The state Department of Transportation has agreed to proceed with bidding to pave Luzerne County-owned Chase Road in Jackson Township — infrastructure that has prompted frequent citizen complaints due to its deterioration.
County officials have been working with the state to advance the project for three years. The state will fund 80 percent of the work.
“Finally! Great news!” county Manager C. David Pedri wrote in an email informing county council of the development last week.
• Three county council committees will meet at the courthouse on River Street in Wilkes-Barre Tuesday: Act 13 grant, 4 p.m.; legislative, 5 p.m.; and real estate, 5:30 p.m.
• The real estate committee plans to discuss a proposed resolution authorizing the county manager to hold an auction attempting to sell unused county-owned property, according to the agenda posted at www.luzernecounty.org.
Pedri has compiled a list of more than 50 parcels that have no county purpose so they can be unloaded to generate revenue and return them to the tax rolls.
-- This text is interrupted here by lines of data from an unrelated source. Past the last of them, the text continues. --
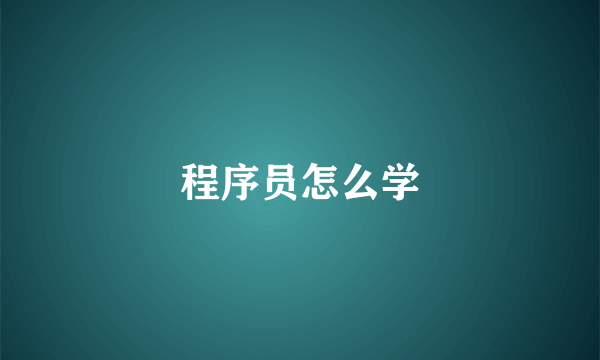 程序员怎么学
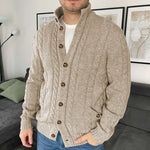 Nouveau Cardigan à Col de Revers pour Hommes, Manches Longues en Jacquard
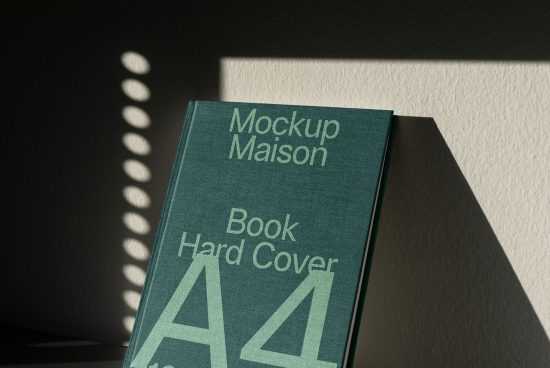 Hardcover book mockup in natural light with shadows, ideal for design presentations, book cover display, A4 format.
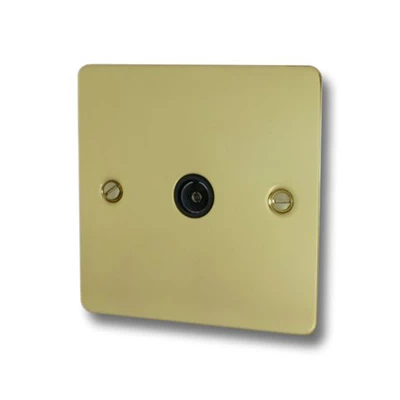 Slim Polished Brass TV Socket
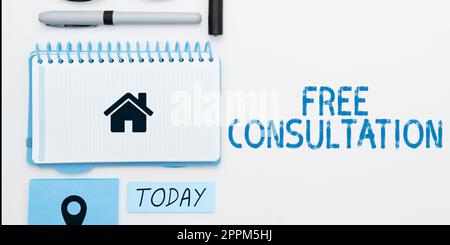 Légende de texte présentant la consultation gratuite. Mot pour donner des discussions médicales et juridiques sans salaire Banque D'Images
Many are vacant tracts and slivers in neighborhoods or remote areas.
The county inherited most of the properties decades ago, possibly as leftovers from tax auctions.
The proposed resolution would allow the manager to explore other means of selling the unused properties if they are not purchased at auction.
• Council is set to vote Tuesday on an agreement authorizing PPL Corp. to switch to more cost-efficient LED lighting while the utility company repairs circuits on the county-owned Fire Fighters’ Memorial Bridge on Water Street, which links Pittston and West Pittston.
PPL will pay for the work. A citizen had complained about bridge darkness due to non-operational lighting.
Tuesday’s meeting starts at 6 p.m. at the courthouse.
• Chief Public Defender Steven Greenwald’s request for an $80,000 transfer from the county’s 2018 budget reserve to cover the cost of expert witnesses in a death penalty case also is up for council approval Tuesday.
• A $254,902 windfall related to unemployment compensation is on the work session agenda following the voting meeting.
The county is receiving the money because it purchases compensation coverage through a County Commissioners Association of Pennsylvania (CCAP) trust. The trust overseer decided to return a $2.75 million dividend to participating entities because its fund has a surplus.
Council members are expected to discuss whether to use the money to beef up the dwindling capital projects fund or place the money in reserve so it can be applied to deficit reduction.
• The county mapping/GIS department is preparing to move to its new courthouse basement office this month, according to a county division head summary. The department’s current space near the rear basement entrance will be converted to a visitor security screening area.
• Another 19 drug overdose deaths were confirmed by the county coroner’s office in May, bringing the year-to-date count to 46, with seven more pending toxicology results, the division summary said.
There were 155 overdose deaths in the county in 2017, the third consecutive year of a new record high.